El grupo contuvo la respiración. La pantalla mostró una cifra escalofriante: 12,476 almas restantes.
—¿Eso significa que… están muriendo? —susurró Haru, con el rostro pálido como el de un fantasma.
—Sí —dijo Daichi, con una mueca de disgusto. —No sabemos qué hay detrás de esto, pero cada vez hay menos personas con vida. Solo somos una cifra en su tablero.
El camino que recorrían estaba salpicado de los restos de aquellos que no tuvieron tanta suerte. Entre los escombros y el barro, podían verse brazos cercenados, piernas torcidas en ángulos antinaturales y charcos de sangre ya oscurecida. Ryuusei tragó saliva al ver una cabeza aplastada contra una roca, los ojos aún abiertos en una mueca de horror congelada en el tiempo. La Muerte no era una entidad simbólica. Era una cazadora.
De repente, un ruido desgarrador y seco resonó en el bosque. Un rugido profundo y gutural que no se parecía a nada que hubieran escuchado antes. La temperatura pareció descender de golpe, y el hedor a putrefacción se volvió abrumador.
—¿Eso fue un animal? —preguntó Kenta, su voz temblando.
Desde las sombras emergió una criatura grotesca, con extremidades desproporcionadas y una boca llena de hileras de dientes afilados como cuchillas. Su piel era negra y putrefacta, con pedazos de carne colgando de su cuerpo. En su garra derecha, aún goteaban restos de lo que parecía ser un brazo humano. La criatura se movió con una velocidad antinatural, acechando a un grupo de jugadores a lo lejos.

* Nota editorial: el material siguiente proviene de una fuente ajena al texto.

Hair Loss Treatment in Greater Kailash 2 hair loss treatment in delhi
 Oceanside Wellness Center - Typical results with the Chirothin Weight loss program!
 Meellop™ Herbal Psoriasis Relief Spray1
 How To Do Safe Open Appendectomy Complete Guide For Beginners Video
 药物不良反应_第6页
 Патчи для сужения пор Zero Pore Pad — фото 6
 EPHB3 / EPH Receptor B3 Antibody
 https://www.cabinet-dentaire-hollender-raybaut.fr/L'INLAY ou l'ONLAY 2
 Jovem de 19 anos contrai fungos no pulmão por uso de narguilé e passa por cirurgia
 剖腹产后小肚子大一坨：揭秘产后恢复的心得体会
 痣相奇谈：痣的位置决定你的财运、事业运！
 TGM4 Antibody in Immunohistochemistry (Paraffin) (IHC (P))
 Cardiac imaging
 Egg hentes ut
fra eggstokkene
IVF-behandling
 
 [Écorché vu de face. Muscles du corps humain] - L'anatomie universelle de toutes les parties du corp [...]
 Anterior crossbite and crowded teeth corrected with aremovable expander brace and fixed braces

—No —dijo Haru, su voz apenas un susurro de terror—. Eso no es un animal.
Una risa resonó en el aire, una voz que ya conocían. Familiar, burlona y cruel, se filtró en sus mentes, directamente en sus pensamientos.
—¡Espero que les guste mi pequeño regalo! ¡Este es uno de mis favoritos! —dijo la Muerte. —Y no se preocupen, hay muchos más donde este salió. Veamos qué tan bien juegan con él.
La criatura soltó un rugido que hizo vibrar el suelo y se lanzó a la carga. El juego había cambiado, y la caza había comenzado.